By Randi Eichenbaum
Cassandra Tomlin/Arizona Daily Wildcat
Clockwise from bottom left: Erica Harline as Georgeanne, Christina Fruciano as Trisha, Megan Elliot as Frances and Emily Kraft as Meredith star in the School of Theatre Arts' production of 'Five Women Wearing the Same Dress.' The play will run Nov. 17-19 at 8 p.m. and Nov. 19-20 at 2 p.m. in the Drama building, Room 116. Tickets are $4 and can be purchased through the Fine Arts Box Office.
Arizona Daily Wildcat
Tuesday, November 10, 2005
HBO's "Sex and the City" has been off the air since 2004, and we are no longer able to tune in to lives of Carrie, Samantha, Charlotte and Miranda on Sunday evenings. Yes, the DVDs are out there and TBS has been showing the edited reruns during the week, but it is just not the same. Girl bonding entertainment is lacking these days.
You might, however, be able to get your fix of female saga on stage. Students from the School of Theatre Arts are putting on "Five Women Wearing the Same Dress," a play that reflects the lives and relationships of women.
"It's a glimpse of women talking when no one's watching," said theatre arts graduate student Laura Kopec, the play's director.
The play takes place in a bedroom upstairs from where a wedding reception is being held. The women, who are also the bridesmaids of the wedding party, discuss their relationships with one another, while touching on a range of topics including love, drugs, rape, hardships and friendship.
"I love when a play can do that - create their own world and relate it to the outside world," Kopec said.
"Five Women Wearing the Same Dress" was written by Alan Ball, who also wrote "American Beauty" and the HBO series "Six Feet Under." The play includes many comedic aspects on top of its serious subject matter, not unlike Ball's previous works.
"I love his style of writing," Kopec said. "It's sophisticated humor with a touch of slapstick."
Through the women's conversations, Kopec said that the uglier sides of men and relationships are revealed.
Tripp, a young man and attendee of the wedding, makes his way up to the bedroom, which leads to his romantic interest in one of the women, Trisha. Tripp, who is played by theatre arts senior Brian Neufang, only appears in one scene but the lack of stage time is made up with the intensity seen between the two.
"You watch a roller coaster of emotion in like 10 minutes," Neufang said. Although he is the only male in the cast, Neufang does not mind playing the "prince charming" role.
"It's funny because he's a lot like me," Neufang said. "Tripp's a nice guy, he's not naive, he has had his own experiences. He actually just got out of a relationship and he's at a point of his life where he wants something solid."

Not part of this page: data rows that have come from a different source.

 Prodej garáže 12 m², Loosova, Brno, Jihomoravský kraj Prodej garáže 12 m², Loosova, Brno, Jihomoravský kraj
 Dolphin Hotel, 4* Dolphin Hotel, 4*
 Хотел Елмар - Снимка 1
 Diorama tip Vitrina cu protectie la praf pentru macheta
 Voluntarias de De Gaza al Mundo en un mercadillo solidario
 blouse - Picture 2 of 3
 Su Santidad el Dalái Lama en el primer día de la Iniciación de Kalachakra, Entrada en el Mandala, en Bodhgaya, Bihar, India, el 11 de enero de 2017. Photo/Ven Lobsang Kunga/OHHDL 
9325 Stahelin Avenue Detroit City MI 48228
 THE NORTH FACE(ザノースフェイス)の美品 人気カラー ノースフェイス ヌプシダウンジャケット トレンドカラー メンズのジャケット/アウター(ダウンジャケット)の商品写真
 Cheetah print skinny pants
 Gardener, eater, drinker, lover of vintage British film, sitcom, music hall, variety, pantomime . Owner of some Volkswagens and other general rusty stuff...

Along with being Mr. Nice Guy, Neufang can relate to Tripp's quirky sense of humor.
"(Trisha) asks (Tripp), 'Are you going to give me your ID bracelet?' And I (Tripp) respond with, 'No, if you really like me you'll carve your initials in my arm,'" Neufang said.
Theatre arts and elementary education senior Christina Fruciano had a more difficult time getting into her character, Trisha. Fruciano describes Trisha as a young woman who is consumed by sex and has a hard time maintaining relationships. Samantha Jones, anyone?
"It's definitely one of the most difficult roles I've done," Fruciano said. "I've had to work on being sexy and slithering."
Kopec, Neufang and Fruciano all note that this particular part of the play is their favorite.
"The scene does a wonderful ebb and flow," Kopec said. "It has two people who are attracted to each other for the first time and they get to explore everything with each other for the first time."
"Five Women Wearing the Same Dress" will run Nov. 17-19 at 8 p.m. and Nov. 19-20 at 2 p.m. The performance will take place in the Drama building, the southeast corner of North Park Avenue and East Speedway Boulevard, Room 116. Tickets are $4 and can be purchased through the Fine Arts Box Office.